Wall Street has taken some tough action against Walgreens recently
Amazon’s (AMZN) acquisition of PillPack and the fears of rising competition resulted in a series of Wall Street downgrades of Walgreens Boots Alliance (WBA). Three analysts downgraded their ratings on the drug store giant in June, and another three downgraded the stock in July.
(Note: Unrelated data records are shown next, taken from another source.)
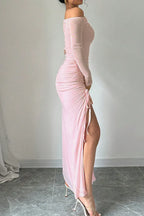 Side profile of a woman in a pink one-shoulder ruched maxi dress with a high leg slit.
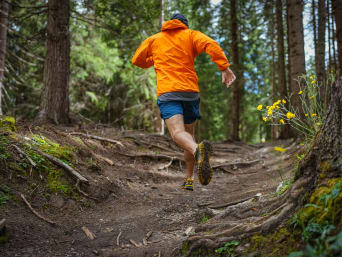Trail running for beginners: a runner going for a run in a forest. Trail running for beginners: a runner going for a run in a forest.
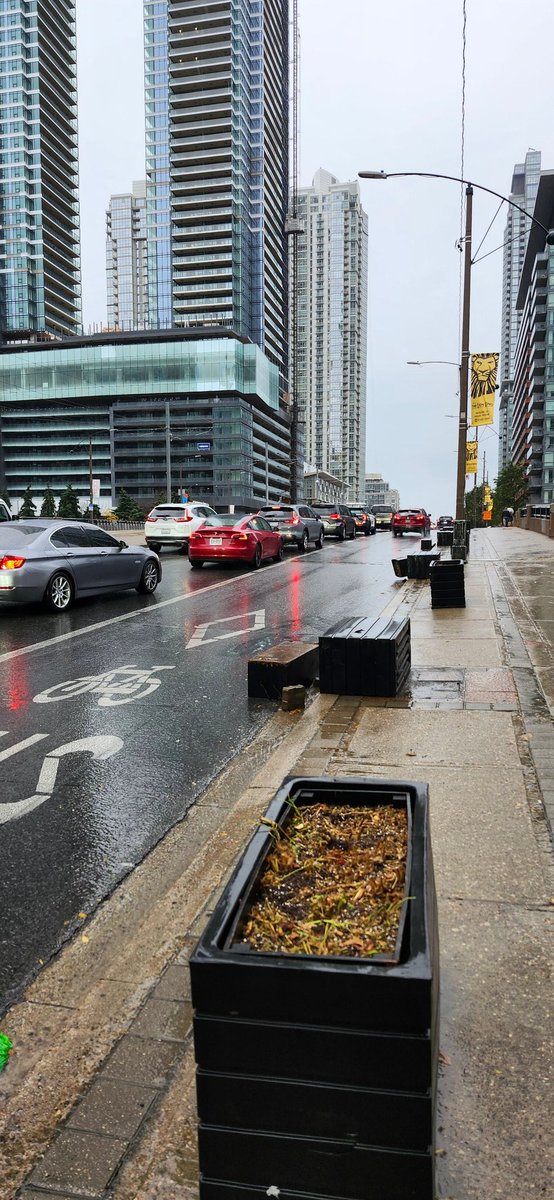 YYZdesign's tweet photo. @311Toronto Could please you let the roads dept know that someone knocked a number of these planters over into the bus lane? West side of Spadina, south of Front. Maybe check the east side to. TYIA https://t.co/VjzwbZJN20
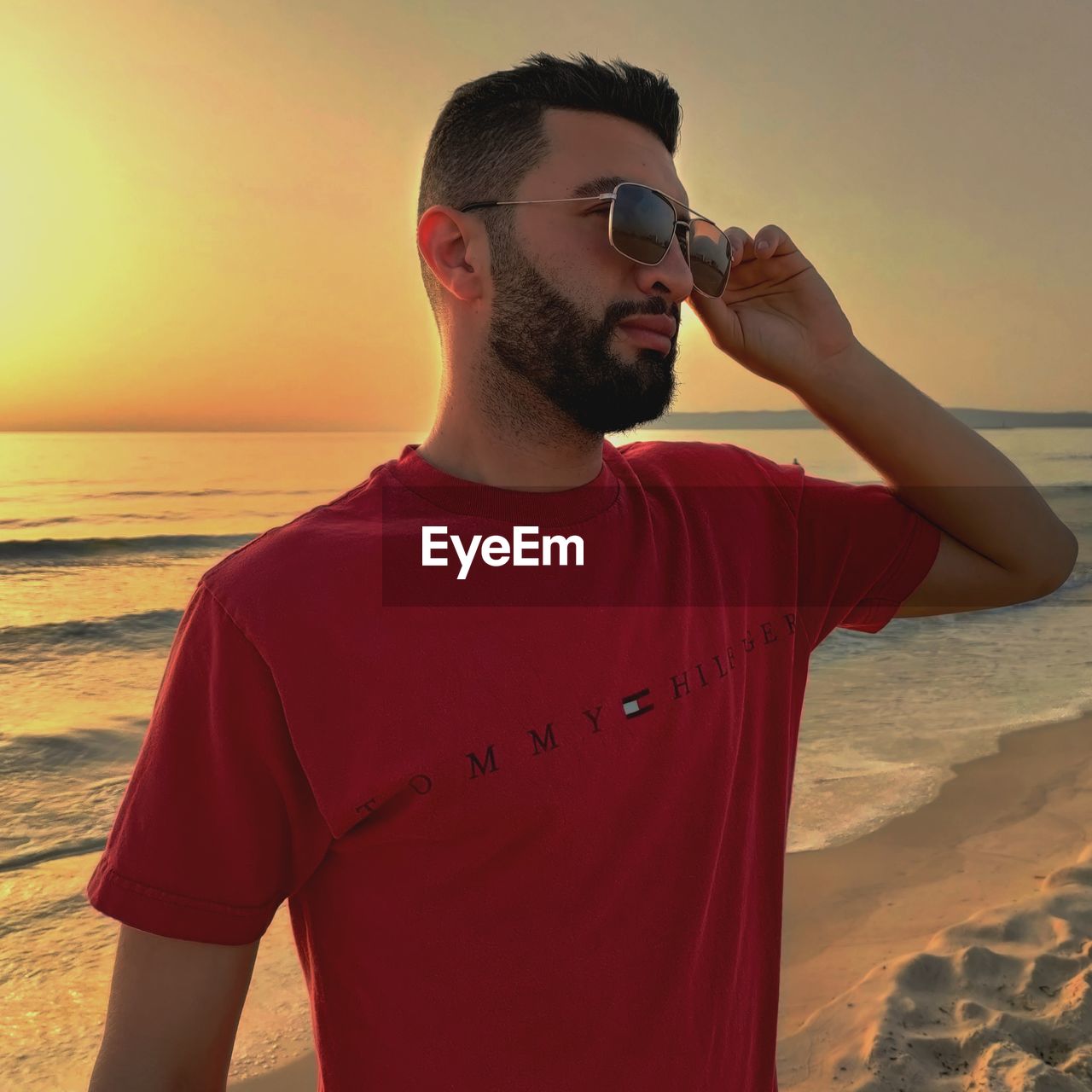 sea, water, beach, one person, sunset, red, land, sky, adult, nature, young adult, waist up, men, leisure activity, standing, fashion, sand, vacation, glasses, holiday, sunglasses, casual clothing, beard, sunlight, trip, person, summer, lifestyles, beauty in nature, facial hair, horizon, relaxation, sun, horizon over water, looking, scenics - nature, t-shirt, outdoors, clothing, holding, travel destinations, portrait, travel, orange color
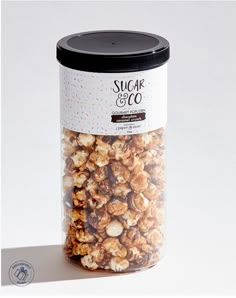 a jar filled with nuts sitting on top of a white table next to a black lid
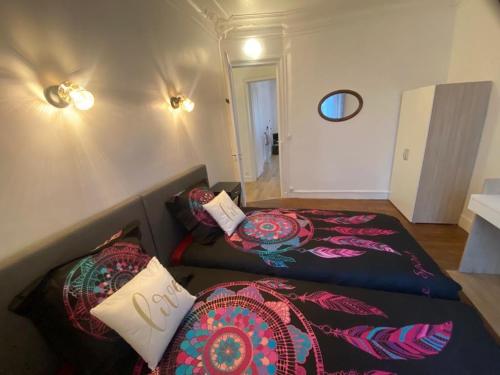 Zimmer mit 2 Betten und einem Sofa mit Kissen in der Unterkunft Appt 2ch, gare 2 mn, Paris 15 mn in Villeneuve-Saint-Georges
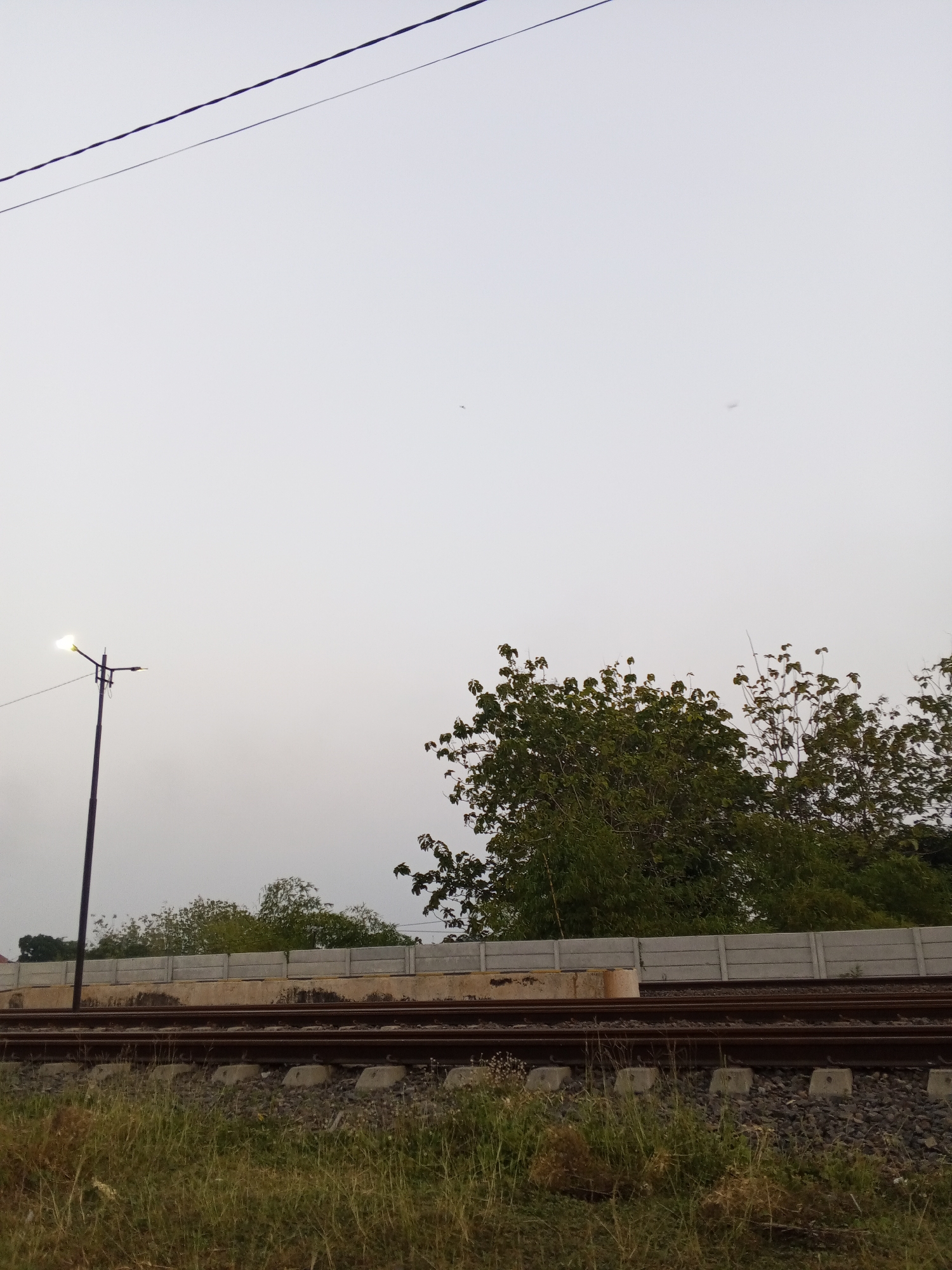 The image shows a view of railroad tracks in Pakusamben, Indonesia, under a pale, overcast sky. A single dark lamppost with its light on stands to the left of the frame. Beyond the tracks, a concrete wall runs horizontally, with dense green trees and foliage behind it. The foreground consists of overgrown grass and weeds. In the upper portion of the image, two dark power lines are visible against the sky. The scene appears to be a rural or semi-urban area, likely near a train line, with no people present.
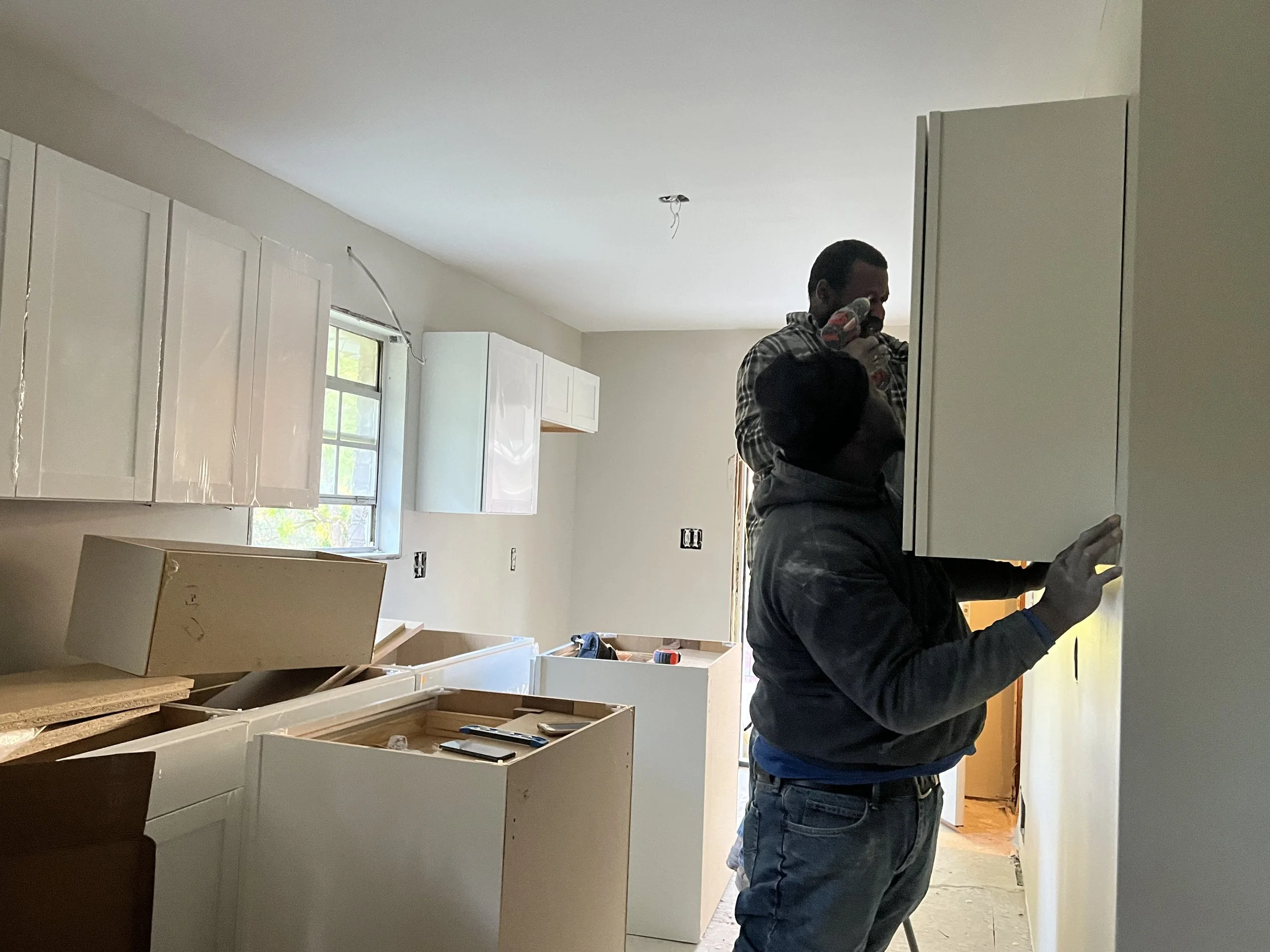 Two men are working on a home renovation or construction project. One man is using a power drill to install or work on kitchen cabinets. The room is in the process of being finished, with some construction materials, cabinets, and tools visible.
In June, Bank of America Merrill Lynch lowered the company’s rating from “neutral” to “underperform.” Then Baird downgraded it from “outperform” to “neutral,” while Jefferies cut it from “buy” to “hold.” While analysts noted that Amazon’s PillPack acquisition is unlikely to have an impact on Walgreens in the near term, earnings might be affected in the long run. The downgrades will likely have a negative impact of Walgreens stock.
Jefferies analyst Brian Tanquilut said, “We believe that the NT earnings impact to WBA from AMZN’s acquisition of PillPack is likely immaterial, but the perception and concern that AMZN will successfully integrate PillPack into its consumer offering (1-2 years out) will likely weigh on WBA stock NT and potentially impact actual earnings performance LT.”
Who else has downgraded WBA?
Mizuho lowered Walgreens to “neutral” from “buy” in early July, citing high valuations in the face of rising competitive threats from Amazon, the lack of a clear strategy for competing in a consolidated industry, and a lack of revenue diversification.
Evercore ISI then downgraded the stock on July 10 to “in-line” from “outperform.” The Evercore analyst cited rising competition after Amazon’s PillPack acquisition, European Union fee pressure, and Brexit volatility as the key reasons behind the downgrade. On July 23, Cowen and Company downgraded Walgreens from “outperform” to “market perform.”
“We’re downgrading WBA to Market Perform, as we view it as poorly positioned in the move toward value-based care. We increasingly believe ownership (CVS acq. of AET) rather than partnership (WBA’s open health hub) is necessary to realize the benefits of cost trend improvements. Without such, we see WBA potentially marginalized as more of a distribution channel and at greater risk to disruption,” said analyst Charles Rhyee in a client note.